先日、ソレイユ開設当初から関わってきた利用者様が他界された。

ご夫婦で二人暮らしの90歳のKさん。

訪問当初からベッド上での生活を余儀なくされていたKさん。

様々なジャンルの歌が好きで、特にシャンソンが好きだったとのこと。

よく通る声で、訪問中も時々歌ってくださった。

明るく、お話し好きな方。私たちがKさんから元気をもらうことも多かった。

今年に入り、尿路感染と誤嚥性肺炎を発症、入退院を繰り返していた。

ご本人は「家で過ごしたい、家に帰りたい」と望まれ、奥様もできる限り家で過ごさせてあげたい、との思いから、なるべく病院ではなく、在宅で生活できるように試行錯誤しながら、関わってきた。

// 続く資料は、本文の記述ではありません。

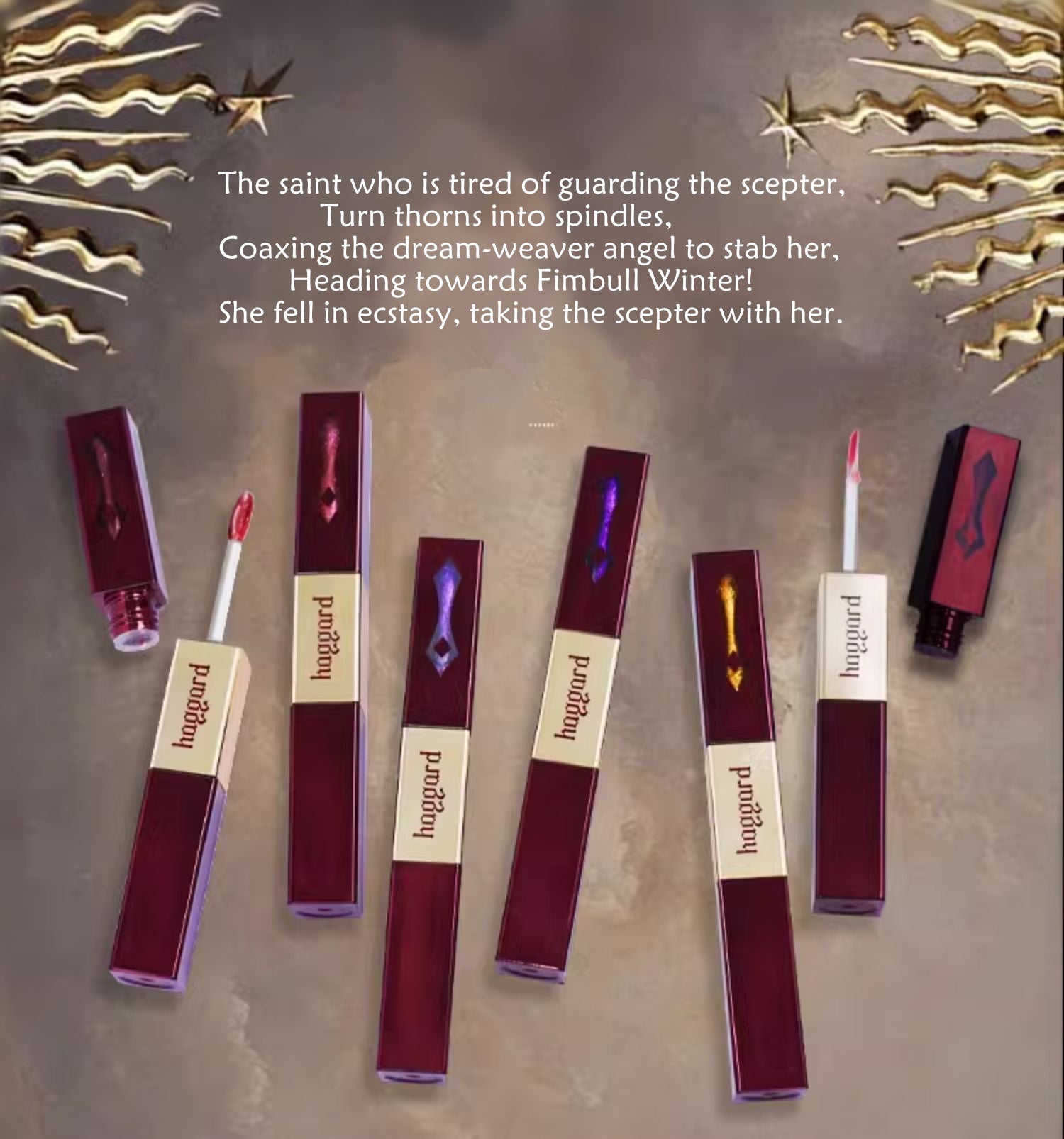 HAGGARD Scepter Series Double-Tube Lip Glaze T3868
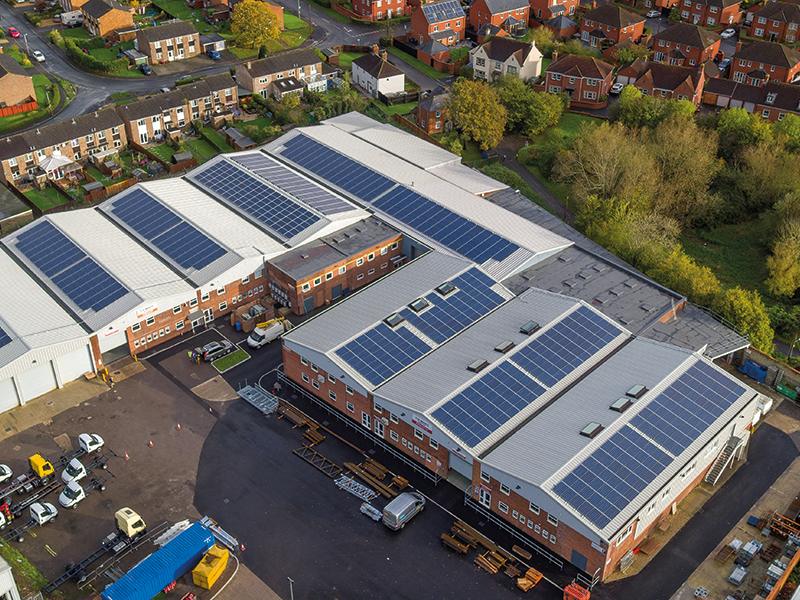 NEW 248kwp SOLAR INSTALLATION AT T H WHITE DEVIZES OFFICES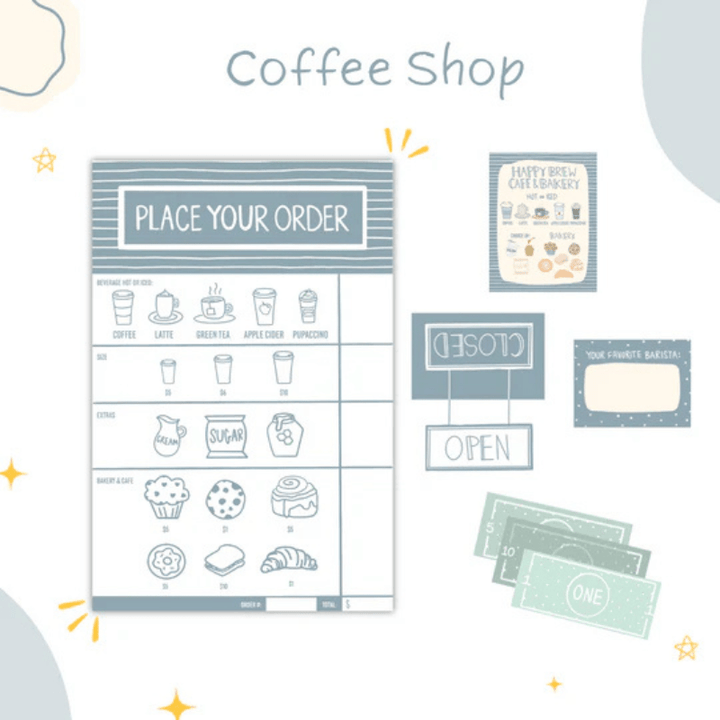 Coffee Play Shop Activity Set by Swingly - Maude Kids Decor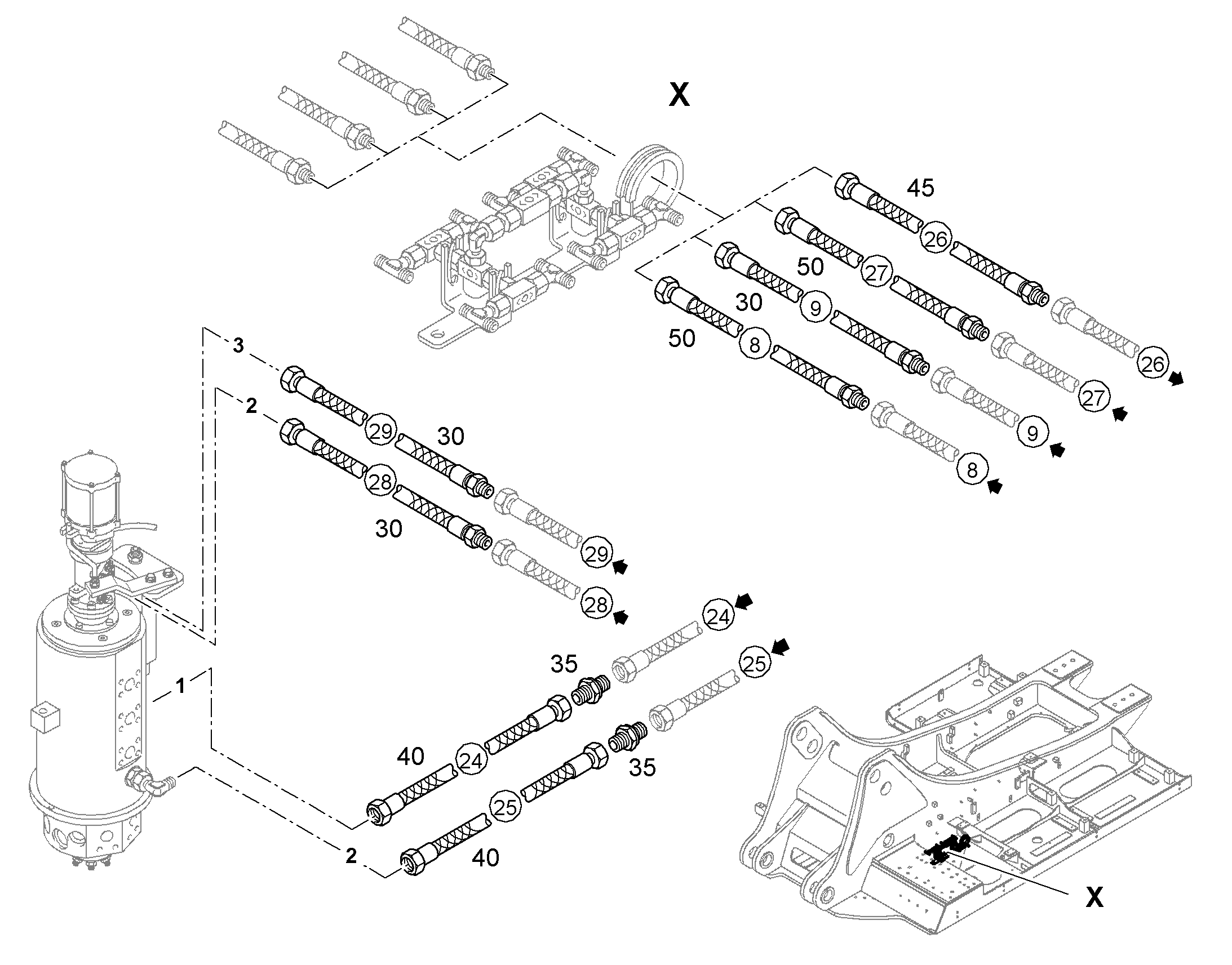 ШЛАНГ 12X450 10297453 LIEBHERR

しかし、ご高齢の奥さんとの二人暮らし。入院せざるを得ない状態になることも多々あった。

新型コロナウイルスの感染拡大の影響で、面会ができない状態が続いた。

そんな状況でも奥さんは毎日病院に行かれたそうです。Kさんに書いたラブレターを持って。

毎日毎日、ラブレターを書かれた。その話を聞いて、胸が熱くなり、何とも言えない心境になった。

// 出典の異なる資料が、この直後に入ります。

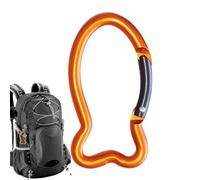 Gancho para llavero, mosquetón, llavero, bonito llavero de metal, clips en forma de espiga, accesorios de camping, hebillas, mosquetón de mantenimiento para tirón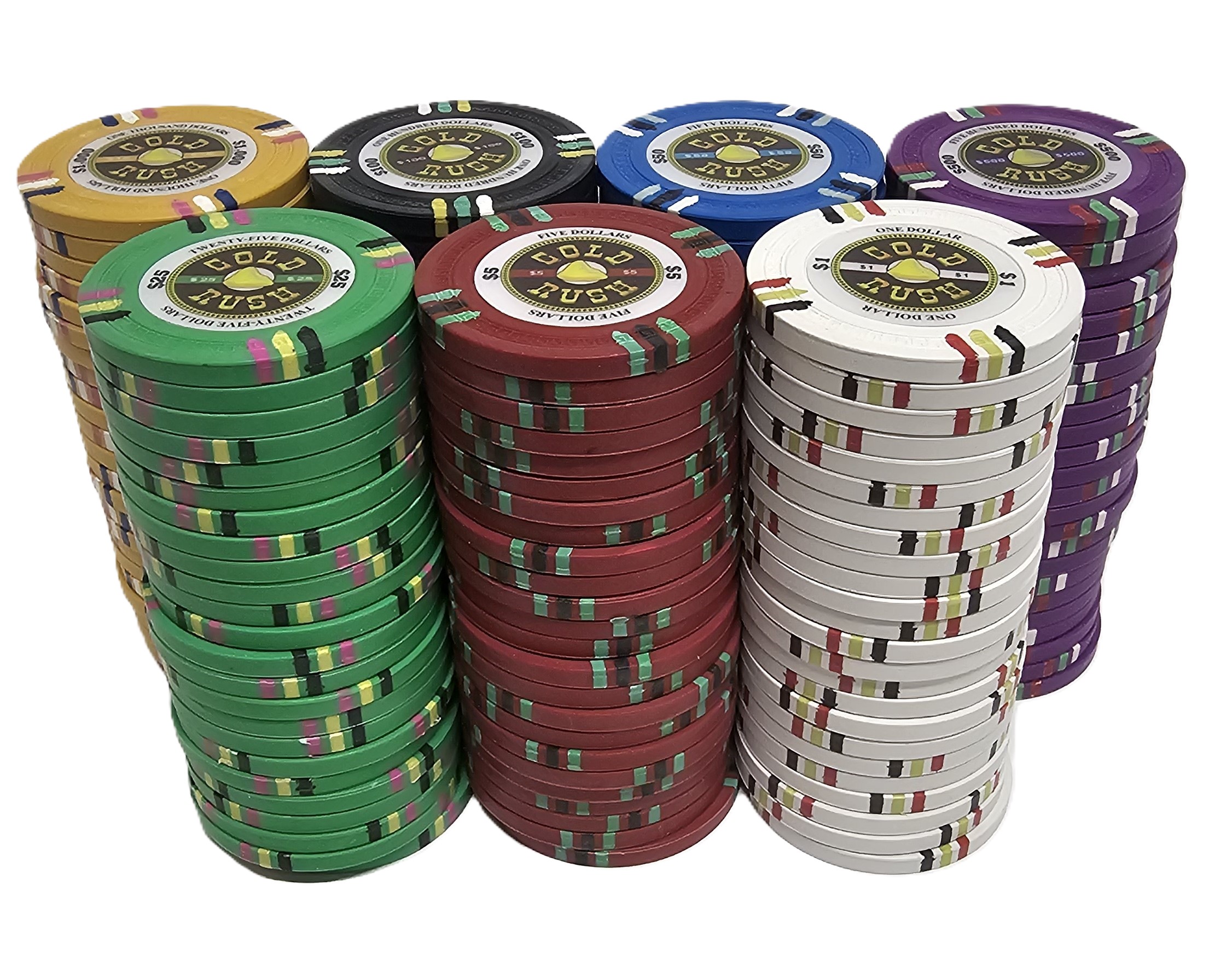 200pc 14g Clay Gold Rush Chip Set-No Case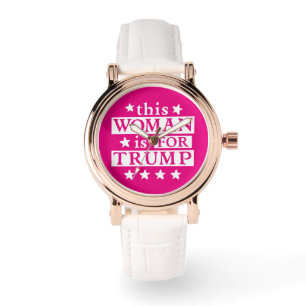 Trump: deze vrouw is voor Trump Watch Horloge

今の時代、ラブレターを書く、ということは、いわば忘れ去られている行動ではないか。

一文一文にしたためられた、奥さんの思い、愛情・・・。

 

一泊外泊の許可が出て、奥様も私たちも受け入れの準備をしていたさなか、あと2時間で病院を出発、というときに急変され、そのまま永眠された。

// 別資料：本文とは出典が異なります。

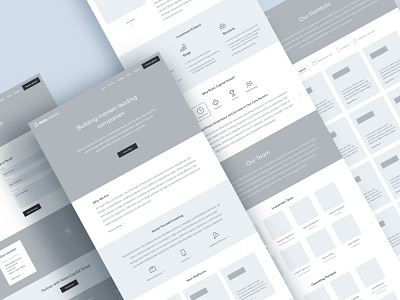 Riata Wireframes about branding capital contact desktop equity figma home icons marketing pages portfolio private story tagline ui venture website wireframe wireframes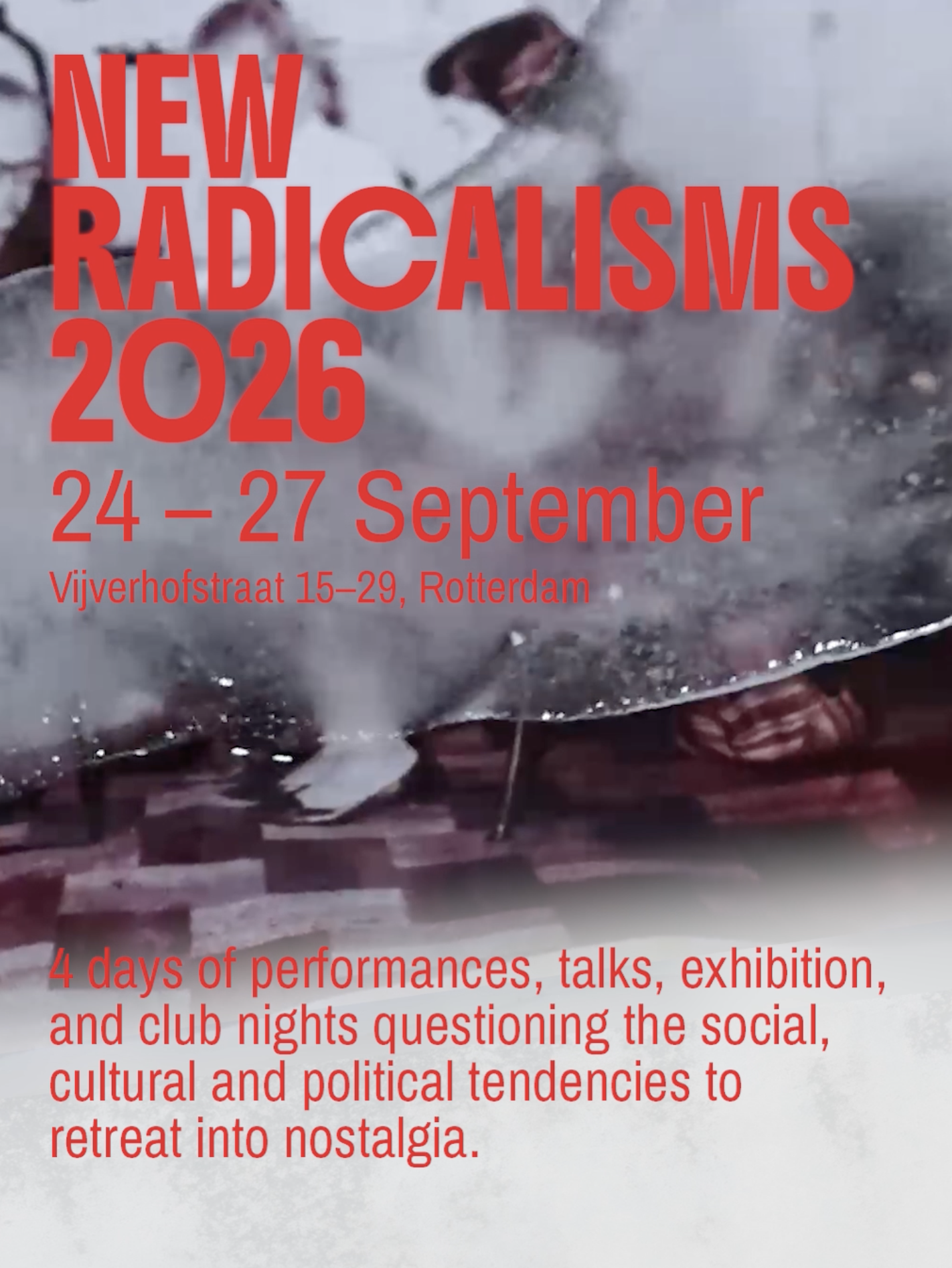 New Radicalisms 2026 - Club program Sunday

その連絡がきたとき、愕然とした。医療従事者らしからぬ思いかもしれないが、

「神様はいないのか?」「いや、神様は意地悪なのか?」なんて思いがよぎった。

 

お通夜に参列させていただいたとき、会場に、奥さんが書かれたラブレターの数々が置いてあった。

思い出のお二人の写真を貼ったラブレター。

お二人の愛の絆の強さ、深さを知ることができた。

 

お通夜のあと、奥様がおっしゃった。

「外泊できなかったのはさみしいけど・・きっと私に大変な思いをさせたくないと思って、帰る前に逝ったんだと思う」

やはり、神様はいるのか・・・先を見越しておられたのか・・

答えはわからない。

しかし、人生の大先輩のお二人から、たくさんのことを教わったように思う。

この学びを大切に歩んでいきたい。